GIVEN ENTRIES below:

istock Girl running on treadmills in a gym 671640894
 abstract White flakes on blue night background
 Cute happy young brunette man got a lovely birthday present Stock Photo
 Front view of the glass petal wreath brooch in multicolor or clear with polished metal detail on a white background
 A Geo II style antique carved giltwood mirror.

End of GIVEN ENTRIES.

**PROBLEM TO WORK ON**:
The data must be transcribed in full. Every word stays the same.

**SOLUTION**:
istock Girl running on treadmills in a gym 671640894
 abstract White flakes on blue night background
 Cute happy young brunette man got a lovely birthday present Stock Photo
 Front view of the glass petal wreath brooch in multicolor or clear with polished metal detail on a white background
 A Geo II style antique carved giltwood mirror.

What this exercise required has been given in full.